Mis à jour le 2011-02-10 15:44:03

Société française

Quand le pouvoir défie le peuple...

20 novembre 2007

D’habitude, c’est le peuple qui défie le pouvoir, l’inverse est pour moi inédit (je crois n’avoir vu ça que dans des dictatures…). Car quel intérêt peut avoir un gouvernement qui défie son peuple, même une petite portion de celui-ci, en imposant une perte substantielle d’acquis sociaux ? Vous avez deviné, je veux parler des grèves qui paralysent depuis quelques jours la France qui se déplace. Oh, je ne connais pas bien le dossier, je le reconnais bien volontiers. Je ne subis pas non plus ces grèves, puisque j’habite actuellement à Montréal. Mais peu importe, car je veux seulement parler ici de ce que je vois aux informations, sur la deuxième chaîne nationale.

Ce soir, Monsieur Xavier Bertrand a fait le déplacement, il vient porter la bonne parole du président, d’un ton posé, calme, presque rassurant. C’est vrai que ce gars a une voix agréable, peut-être un peu trop aiguë ? Il est ouvert à la négociation, c’est ce qu’il dit. Ce sont les méchants syndicalistes qui ne veulent pas. Il est ouvert à la négociation, mais il faut que la grève cesse : on ne peut pas négocier pendant qu’il y a une grève. Pourquoi ? Je ne sais pas… Pourtant j’ai entendu l’argument une bonne dizaine de fois. Mais personne n’a jamais fini sa phrase. « Tout le monde comprend bien que l’on ne peut pas négocier… » Je n’ai toujours pas compris, je dois être un idiot de gauchiste. C’est un peu comme si j’exigeais qu’un employeur me signe un contrat à durée indéterminée avant d’accepter l’entretien d’embauche, pour avoir moins de pression. C’est ça hein, je comprends enfin ? C’est une histoire de pression… Parce qu’ils ne l’ont pas, la pression, les cheminots ? Et tous les autres ? Qu’ils exercent une pression est normal. La grève, c’est un contre pouvoir que certains ont la chance de pouvoir exercer. Les autres, tous les autres qui n’ont pas assez les moyens de signaler au monde leur présence, n’ont même pas ce pouvoir. Alors c’est une pression, la grève ? Eh oui…

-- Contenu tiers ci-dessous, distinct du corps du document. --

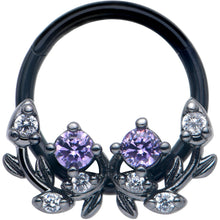 将图片加载到图库查看器,16G 3/8 Purple Gem Black Twining Vine Hinged Segment Ring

Monsieur Bertrand parle de justice sociale, comme Nounours disait « Bonne nuit les petits » à une époque où la télévision était encore une merveilleuse invention. Il faut faire cette réforme parce que c’est juste, nous sommes tous égaux. Oui, tout à fait d’accord… Moi je veux son salaire ! Ou celui du président, qui vient de s’augmenter. Allez, tous dans la rue pour une réforme juste : « TOUT-LE-MONDE---À---40 000-EUROS ! ». C’est juste ça non ? Non ? Que tout le monde travaille le même nombre d’années pour le même salaire, ce n’est pas juste ça ?
Monsieur Bertrand ne dit rien, mais j’entends tout de même sa voix me répondre que non, ça n’est pas juste. « Parce que certains méritent plus que d’autres, le poids des responsabilités voyez-vous… » D’accord, d’accord, et les rentiers alors, ils méritent ? « Non, mais là c’est normal, ils ont des possessions. » J’ai dû mal à établir une différence nette entre acquis fonciers et acquis sociaux. Un acquis c’est un acquis, c’est une chose sur laquelle on peut compter.
Alors j’imagine le gars, cheminot de son état, 54 ans et demi de cotisations, qui se laisse tranquillement glisser sur ses six derniers mois de boulot avant la quille. Et là, un nabot hystérique vient lui dire que ce n’est pas juste, qu’il doit bosser 5 ans de plus… Vous ne comprenez pas un peu qu’il soit remonté le gars ? Moi je le comprends, c’est logique. Et je ne peux pas m’imaginer qu’au gouvernement personne n’y ait songé. Si, bien sûr, ces grèves étaient planifiées…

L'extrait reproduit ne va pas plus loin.